LAKELAND, Fla. – Florida Polytechnic University Professor Dr. Christina Drake has received a $1.5 million grant from the Florida Department of Transportation (FDOT) to study new methods of predicting fog on Florida roadways, helping forecasters better alert travelers of dangerous weather conditions.
Florida Poly will work with PraxSoft, an information technology and engineering company based in Orlando, to refine, develop and deploy new monitoring software. In addition, Florida Poly will establish testing sites in Central and Southern Florida to improve the current weather model and help provide advanced warnings of road conditions that can cause traffic congestion.

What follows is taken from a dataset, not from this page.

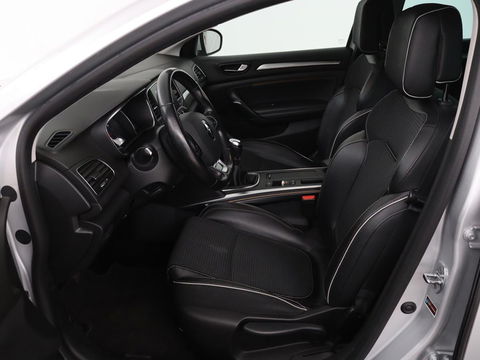 Renault Mégane 1.3 TCe Bose | Trekhaak | Camera | Carplay | Keyless | Navigatie | Climate control | Bose Sound | Park Assist | Half leder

“Transportation challenges are among the most pressing in Florida as our population grows and becomes more mobile. Advancing transportation technology – including systems for predicting and monitoring roadway conditions — will ultimately make travel safer, easier and more efficient for everyone,” said Florida Poly President Dr. Randy K. Avent. “This is exactly the type of applied research for near-term impact we aim to pursue at Florida Poly.”
Florida Poly and Praxsoft have already begun working on this project, and the team will make recommendations to FDOT for new technologies and testing methods over the coming months.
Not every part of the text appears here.